Working of single layer network

Properties that Activation function should hold?

Derivative or Differential: Change in y-axis w.r.t. change in x-axis.It is also known as slope.(Back prop)

Monotonic function: A function which is either entirely non-increasing or non-decreasing.

Activation function Types :

  • Linear function
  • Binary Step function
  • Non-Linear function

Linear Function :

Linear function

A linear activation function takes the form:

y=mx+c ( m is line equation represents W and c is represented as b in neural nets so equation can be modified as y=Wx+b)

It takes the inputs (Xi’s), multiplied by the weights(Wi’s) for each neuron, and creates an output proportional to the input. In simple term, weighted sum input is proportional to output.

As mentioned above , activation function should hold some properties with fails in linear function.

Problem with Linear function,

1 ) Differential result is constant.

2) All layers of the neural network collapse into one.

  • Differential of linear function is constant and has no relation with the input.Which implies weights and bias will be updated during the backprop but the updating factor (gradient) would be the same.
  • linear activation functions, no matter how many layers in the neural network, the last layer will be a linear function of the first layer — Meaning Output of the first layer is same as the output of the nth layer.

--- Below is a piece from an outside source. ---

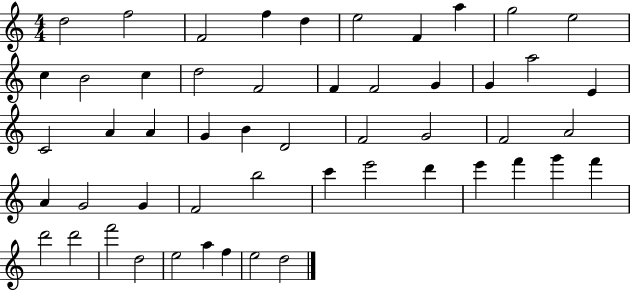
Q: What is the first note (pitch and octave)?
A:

A neural networks with a linear activation function is simply a linear regression model.

Pros and Cons : Linear function has limited power and ability to handle complexity.It can be used for simple task like interpretability.

Binary Step Function:

Binary Step function

Binary step function are popular known as “ Threshold function”. It is very simple function.

Pros and Cons :

  • The gradient(differential ) of the binary step function is zero,which is the very big problem in back prop for weight updation.
  • Another problem with a step function is that it can handle binary class problem alone.(Though with some tweak we can use it for multi-class problem)

Non-Linear function:

The deep learning rocketing to the sky because of the non-linear functions.Most modern neural network use the non-linear function as their activation function to fire the neuron. Reason being they allow the model to create complex mappings between the network’s inputs and outputs, which are essential for learning and modeling complex data, such as images, video, audio, and data sets which are non-linear or have high dimensionality.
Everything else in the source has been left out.